I won’t get into the whole ‘causation vs correlation’ thing because it’s outside my light entertainment territory, but data doesn’t explain everything and you may be looking at the wrong data anyway. As Tom said:
“We have to understand the mystery in our world.”
People are mysterious, and they always will be. If you’re selling to them, or employing them, there is limitless opportunity in developing a sixth-sense for those mysteries. It just takes a lot of time and conversations that most people aren’t interested in.
You can get quite the taste for business voodoo, and my co-founder PK and I have it more than most business owners. We’re in this for the weird adventures as much as the cash, and luckily you can have both.
Two years into the business we had offices in four cities. We had solid growth, some things had gone to plan, plus a bunch of good and bad surprises. We were experienced in the industry but was that enough?

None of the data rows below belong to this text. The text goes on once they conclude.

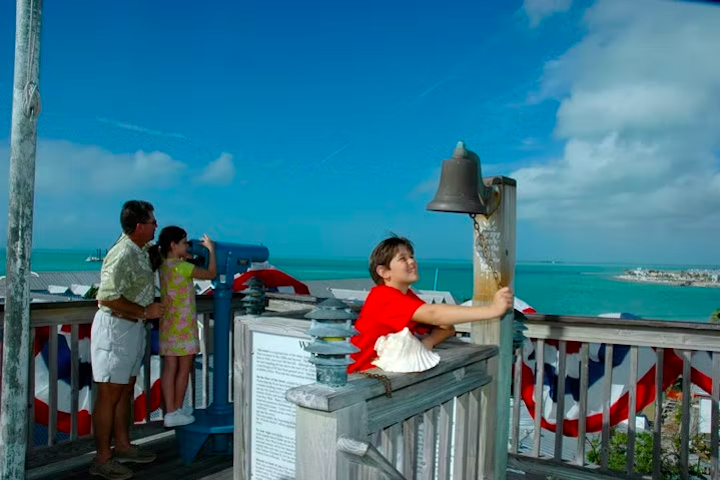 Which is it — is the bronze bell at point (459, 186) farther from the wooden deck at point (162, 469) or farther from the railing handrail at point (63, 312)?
the wooden deck at point (162, 469)

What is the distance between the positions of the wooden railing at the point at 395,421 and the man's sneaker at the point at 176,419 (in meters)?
1.89

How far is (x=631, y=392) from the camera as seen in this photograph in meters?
3.18

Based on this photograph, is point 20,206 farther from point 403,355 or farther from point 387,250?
point 403,355

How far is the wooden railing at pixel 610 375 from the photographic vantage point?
3.02 m

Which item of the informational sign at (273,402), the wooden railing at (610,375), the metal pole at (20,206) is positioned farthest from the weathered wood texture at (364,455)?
the wooden railing at (610,375)

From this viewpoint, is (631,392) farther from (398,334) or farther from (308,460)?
(308,460)

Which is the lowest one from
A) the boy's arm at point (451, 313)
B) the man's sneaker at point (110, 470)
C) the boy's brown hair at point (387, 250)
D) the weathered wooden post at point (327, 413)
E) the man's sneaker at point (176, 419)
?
the man's sneaker at point (110, 470)

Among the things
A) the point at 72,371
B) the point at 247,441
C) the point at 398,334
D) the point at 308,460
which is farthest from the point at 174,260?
the point at 308,460

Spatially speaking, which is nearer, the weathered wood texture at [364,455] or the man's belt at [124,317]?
the weathered wood texture at [364,455]

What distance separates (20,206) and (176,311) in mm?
1278

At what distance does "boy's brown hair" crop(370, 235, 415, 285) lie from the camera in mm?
2441

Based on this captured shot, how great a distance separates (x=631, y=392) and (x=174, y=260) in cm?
281

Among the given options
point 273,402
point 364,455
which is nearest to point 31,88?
point 273,402

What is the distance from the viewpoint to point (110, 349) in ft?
10.9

Were we up to date on best practice and bold strategies to drive our business going forward?
Should we engage KPMG or McKinsey to tell us how the pros do business these days?

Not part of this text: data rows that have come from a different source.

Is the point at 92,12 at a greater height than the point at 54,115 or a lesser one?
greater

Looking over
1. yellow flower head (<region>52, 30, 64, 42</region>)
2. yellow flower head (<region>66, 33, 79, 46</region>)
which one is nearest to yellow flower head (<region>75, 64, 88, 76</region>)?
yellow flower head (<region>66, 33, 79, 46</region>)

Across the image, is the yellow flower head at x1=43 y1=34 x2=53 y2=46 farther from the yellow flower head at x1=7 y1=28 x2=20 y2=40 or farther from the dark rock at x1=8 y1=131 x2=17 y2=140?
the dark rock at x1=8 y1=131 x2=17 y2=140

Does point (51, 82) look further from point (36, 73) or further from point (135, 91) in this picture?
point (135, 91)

Nah. Even if we could afford their massive hourly rate, that kind of advice doesn’t suit our style. So instead, we budgeted a cool fifty for strategic advice. Not $50,000, but the single banknote with the Australian street name of a pineapple (two and a half lobsters). We sent PK to a tarot card reader at one-fifteenth the hourly rate of McKinsey.
His brief was simple: what will happen to our businesses? He gave her no other information.
The Gypsy Report
Her report was a game-changer for the consulting industry. The toothless gypsy lady’s analysis and predictions were 100% on the money, as if she’d spent months poring over our business plans. She told us we had four businesses, she came up with a stream of spookily accurate facts about them, and said we would succeed in the long-term. What a relief.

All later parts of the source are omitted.